Ethan Allen Interiors Inc. ("Ethan Allen" or the "Company") (ETH) today announced that its wholly owned subsidiary, Ethan Allen Global, Inc., has delivered a Notice of Redemption (the "Notice") to holders of the outstanding 5.375% Senior Notes due October 2015 (the "Notes"). The Notice called for the redemption of the remaining $129.4 million aggregate principal amount of Notes currently outstanding. Pursuant to the terms of the indenture governing the notes, Ethan Allen will redeem the outstanding notes at a redemption price equal to (a) the greater of (i) 100% of the principal amount to be redeemed or (ii) the sum of the present values of the remaining scheduled payments of principle and interest thereon from the date of redemption to the date of maturity (except for currently accrued but unpaid interest) discounted to the date of redemption, on a semi-annual basis (assuming a 360-day year consisting of twelve 30-day months), at the applicable Treasury Rate, plus twenty basis points (such greater amount, the "Redemption Price"), plus (b) accrued and unpaid interest, if any, to the date of redemption. The redemption date is March 18, 2015.

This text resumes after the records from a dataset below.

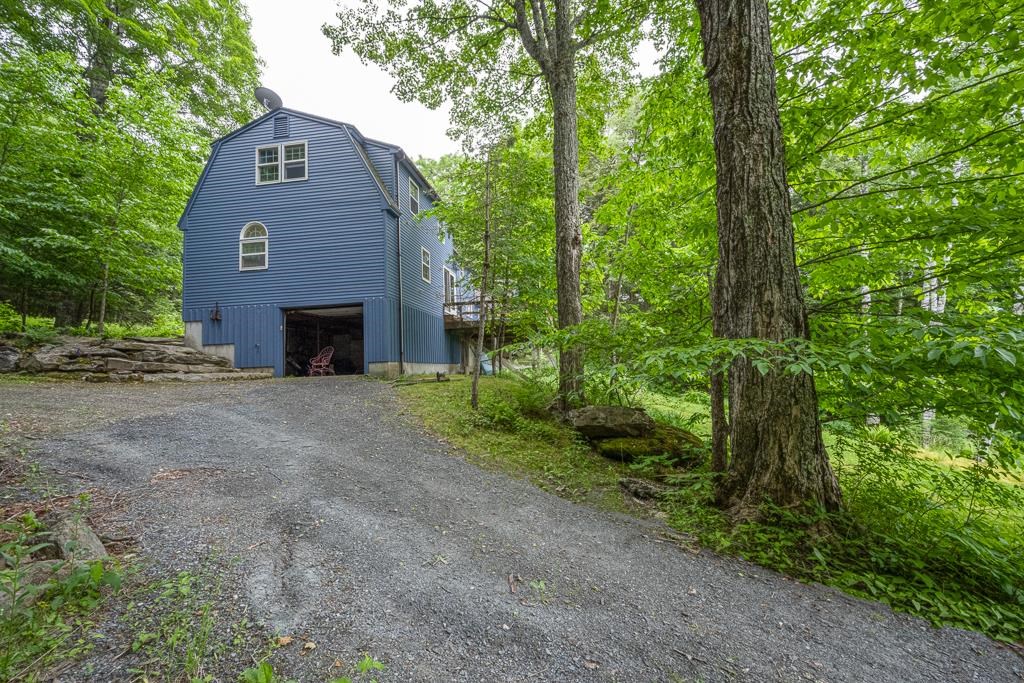 1111 Randall Road Woodstock, VT 05091 - Photo 32 of 39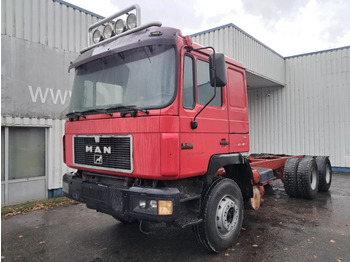 Cab chassis truck MAN 26.422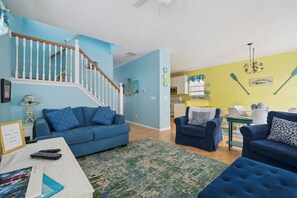 Smart TV, DVD player, books - Beautiful home in Chautauqua community - linens, parking, washer Included (Lakeside Marblehead)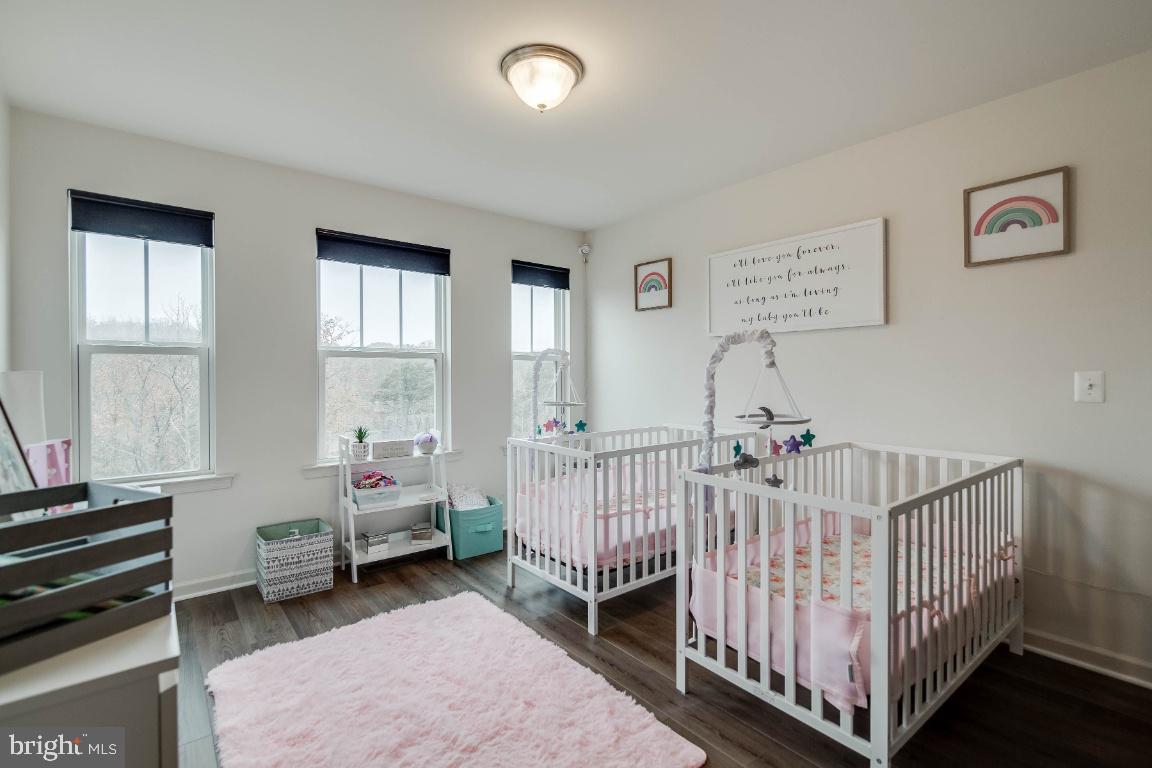 COLONIAL FORGE - Residential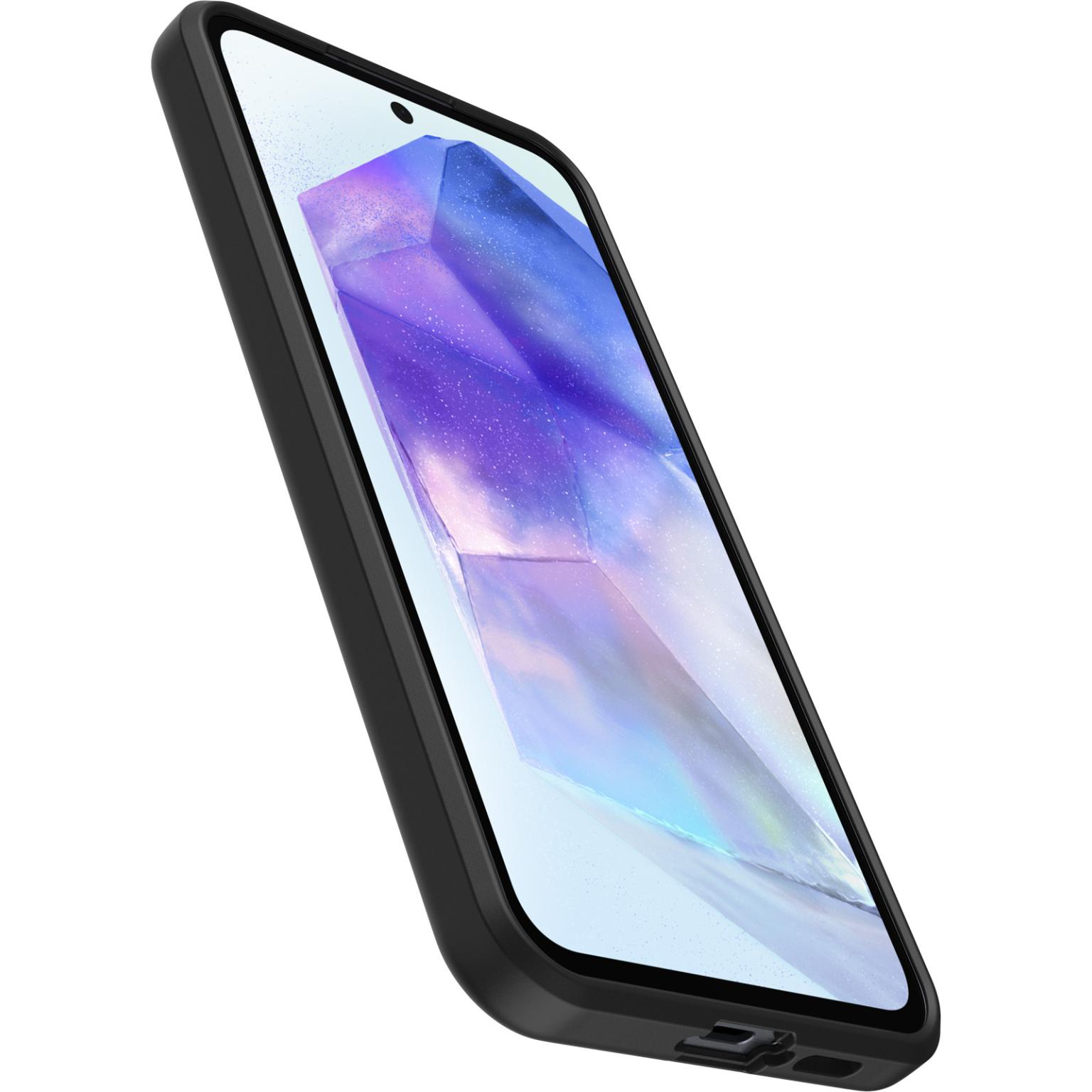 Zwarte telefoonhoes. Er zit een telefoon in. De hoes is zwart. De telefoon zit in de hoes.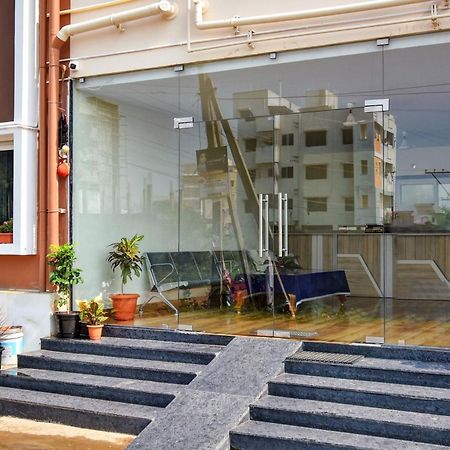 Oyo Home Msr Guest Inn Homestay نيلور المظهر الخارجي الصورة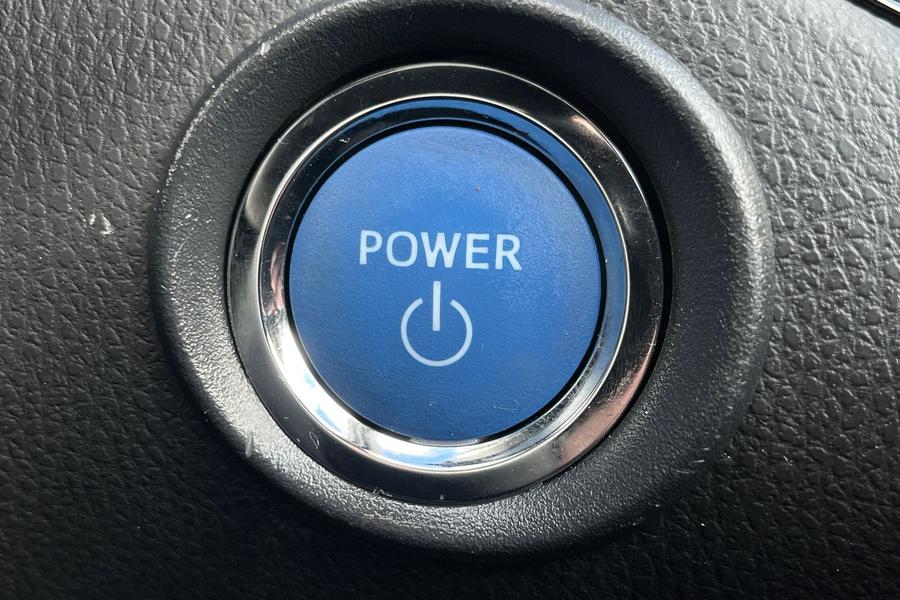 Toyota C-HR Photo autoimg-8dd3568be73f4410ad62d62687c6de31790847b3.jpg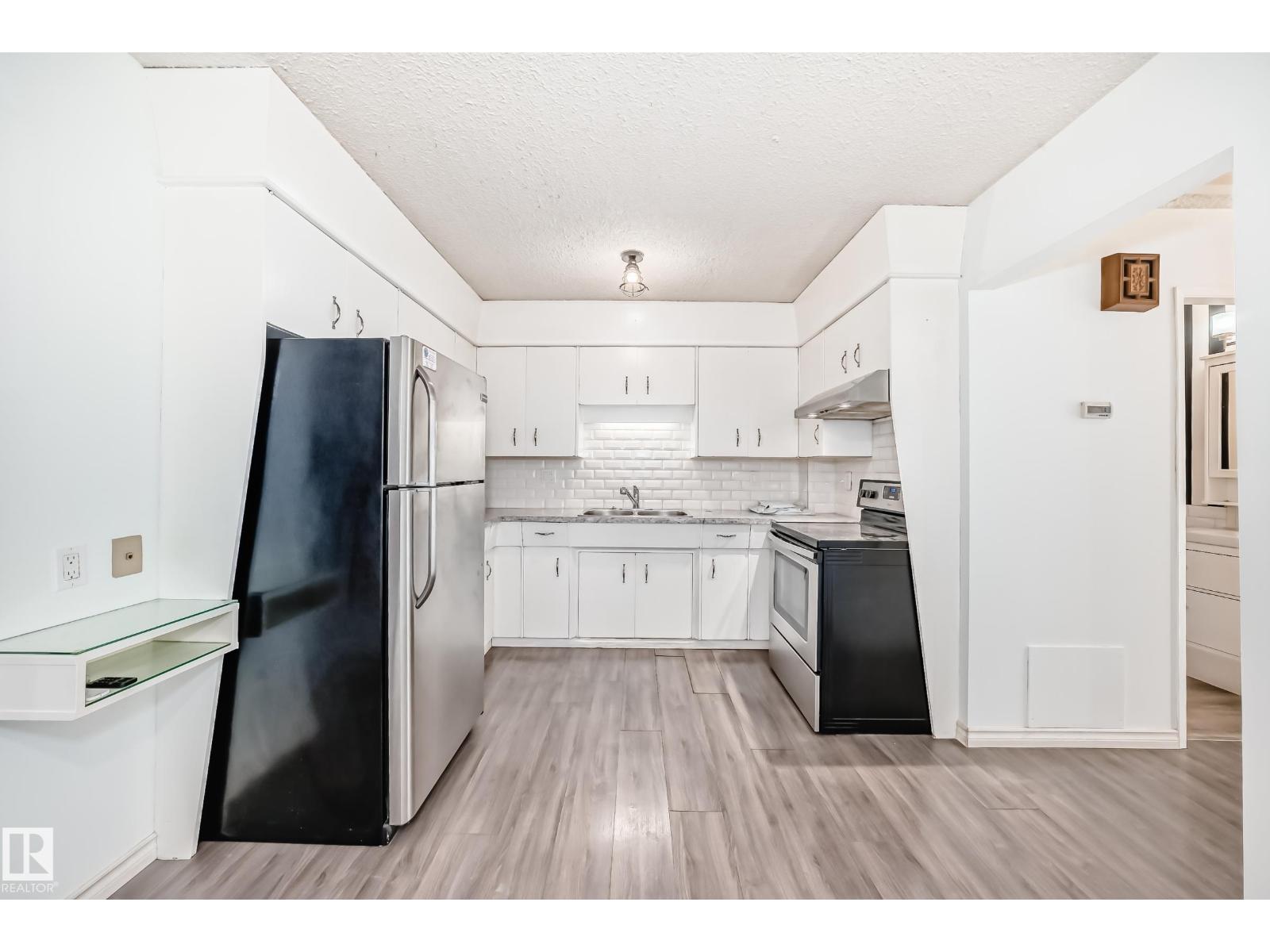 9623/9625 73 AV NW NW - 13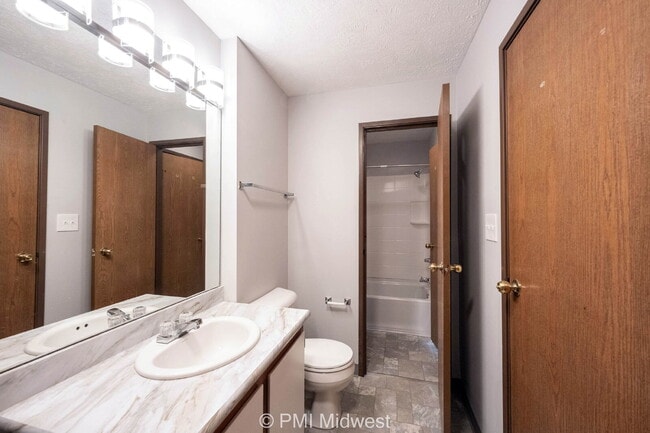 Building Photo - "Charming 2-Bedroom Haven in Shelbyville w...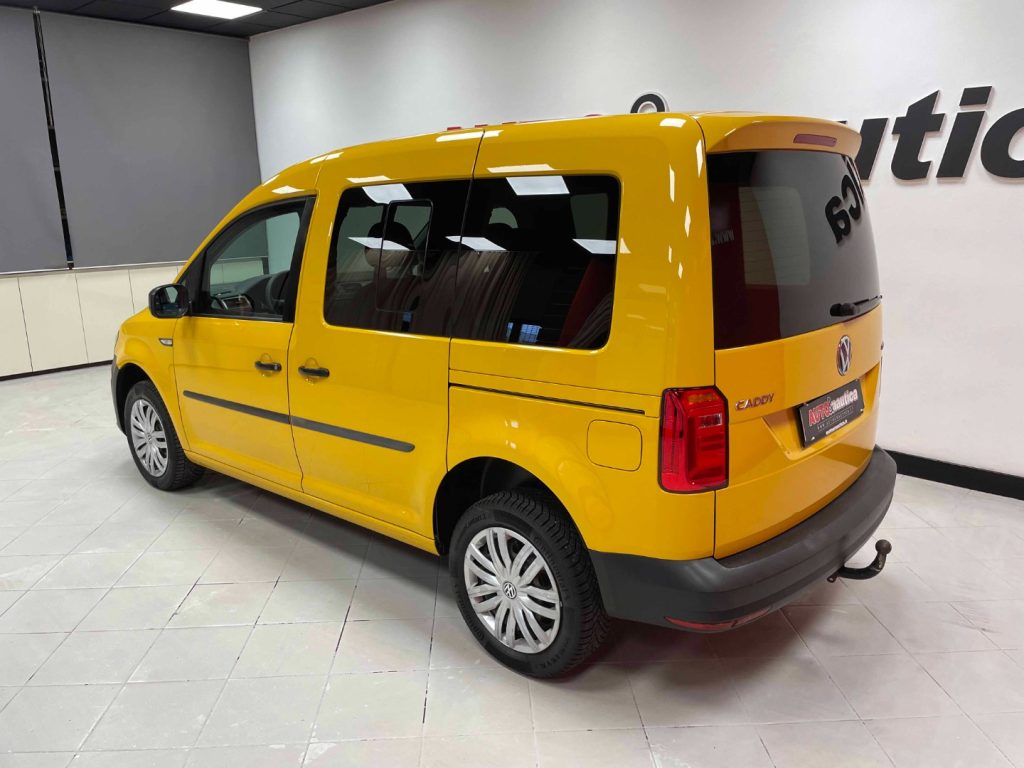 VOLKSWAGEN Caddy 2.0 TDI 122 CV 4MOTION TRENDLINE - IVA DEDUCIBILE - 36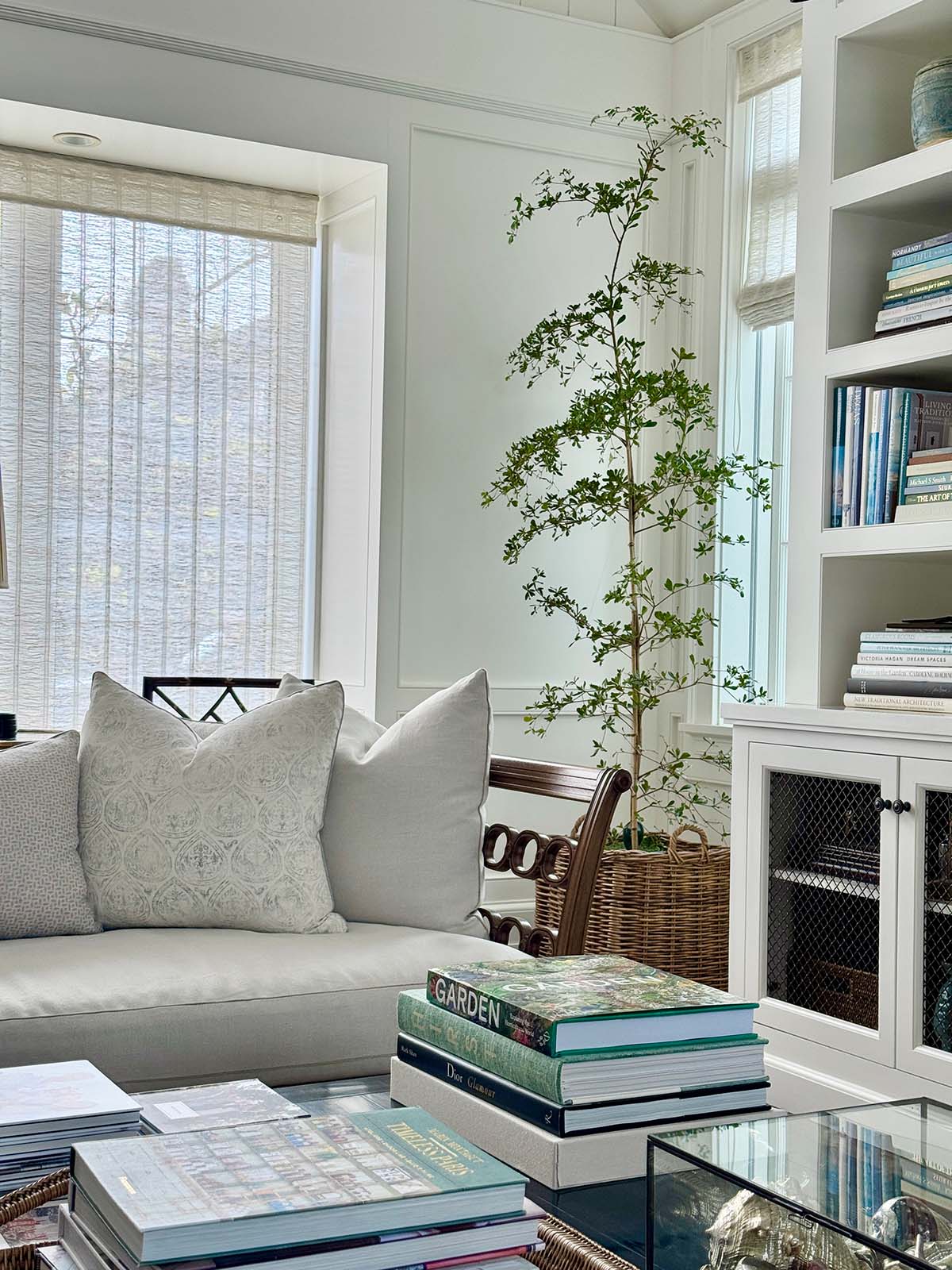 Pretty Decor Ideas for a Fresh Living Room | Classic Casual Home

The Notice was mailed on February 13, 2015 to record holders of the notes by U.S. Bank National Association, Corporate Trust Services, 111 Fillmore Avenue E., St. Paul, MN 55107, as trustee under the indenture governing the notes.

Additional information concerning the terms and conditions of the redemption are fully described in the Notice distributed to holders of the Notes. Beneficial holders with any questions about the redemption should contact their respective brokerage firm or financial institution.

This press release is for informational purposes only and shall not constitute an offer to purchase the Notes or any other securities.

This press release should also be read in conjunction with the Company`s Annual Report on Form 10-K for the year ended June 30, 2014 (the "2014 Form 10-K") and other reports filed with the Securities and Exchange Commission. This press release and related discussions contain forward-looking statements made pursuant to the safe harbor provisions of the Private Securities Litigation Reform Act of 1995. Such forward-looking statements reflect management`s current expectations concerning future events and results of the Company, and are subject to various assumptions, risks and uncertainties including specifically, and without limitation, those set forth in Part I, Item 1A "Risk Factors" of the 2014 Form 10-K. Accordingly, actual future events or results could differ materially from those contemplated by the forward-looking statements. The Company assumes no obligation to update or provide revision to any forward-looking statement at any time for any reason.